WORK INSTRUCTIONS: Find the line containing "Montella dan ABD". Reproduce it and every line after it up to the end of the records, exactly as written.

──────── MATERIAL FOR THE TASK ────────

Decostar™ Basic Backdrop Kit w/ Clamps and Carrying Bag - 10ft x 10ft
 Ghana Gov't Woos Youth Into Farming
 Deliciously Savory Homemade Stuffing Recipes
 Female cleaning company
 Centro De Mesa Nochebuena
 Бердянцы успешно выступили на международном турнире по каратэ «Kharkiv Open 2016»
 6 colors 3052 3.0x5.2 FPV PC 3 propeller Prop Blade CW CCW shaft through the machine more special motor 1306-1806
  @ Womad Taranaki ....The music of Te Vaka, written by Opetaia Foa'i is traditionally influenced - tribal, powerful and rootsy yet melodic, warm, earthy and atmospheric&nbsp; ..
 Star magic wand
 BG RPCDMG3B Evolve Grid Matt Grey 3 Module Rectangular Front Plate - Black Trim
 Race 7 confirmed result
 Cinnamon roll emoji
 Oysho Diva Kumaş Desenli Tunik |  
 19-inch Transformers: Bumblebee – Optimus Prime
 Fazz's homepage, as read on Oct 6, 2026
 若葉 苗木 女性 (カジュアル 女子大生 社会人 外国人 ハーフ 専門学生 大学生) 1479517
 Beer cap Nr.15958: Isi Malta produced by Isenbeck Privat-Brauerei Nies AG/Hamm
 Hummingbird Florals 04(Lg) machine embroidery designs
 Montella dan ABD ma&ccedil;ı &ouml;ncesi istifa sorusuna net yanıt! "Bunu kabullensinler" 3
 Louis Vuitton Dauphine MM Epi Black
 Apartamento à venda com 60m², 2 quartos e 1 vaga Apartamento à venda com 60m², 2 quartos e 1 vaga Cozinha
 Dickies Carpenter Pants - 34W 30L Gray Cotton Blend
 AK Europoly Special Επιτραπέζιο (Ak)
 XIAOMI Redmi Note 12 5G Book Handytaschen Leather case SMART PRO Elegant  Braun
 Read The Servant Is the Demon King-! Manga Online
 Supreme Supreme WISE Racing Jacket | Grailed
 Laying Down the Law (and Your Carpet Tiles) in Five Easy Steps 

────────

TASK ANSWER:
 Montella dan ABD ma&ccedil;ı &ouml;ncesi istifa sorusuna net yanıt! "Bunu kabullensinler" 3
 Louis Vuitton Dauphine MM Epi Black
 Apartamento à venda com 60m², 2 quartos e 1 vaga Apartamento à venda com 60m², 2 quartos e 1 vaga Cozinha
 Dickies Carpenter Pants - 34W 30L Gray Cotton Blend
 AK Europoly Special Επιτραπέζιο (Ak)
 XIAOMI Redmi Note 12 5G Book Handytaschen Leather case SMART PRO Elegant  Braun
 Read The Servant Is the Demon King-! Manga Online
 Supreme Supreme WISE Racing Jacket | Grailed
 Laying Down the Law (and Your Carpet Tiles) in Five Easy Steps 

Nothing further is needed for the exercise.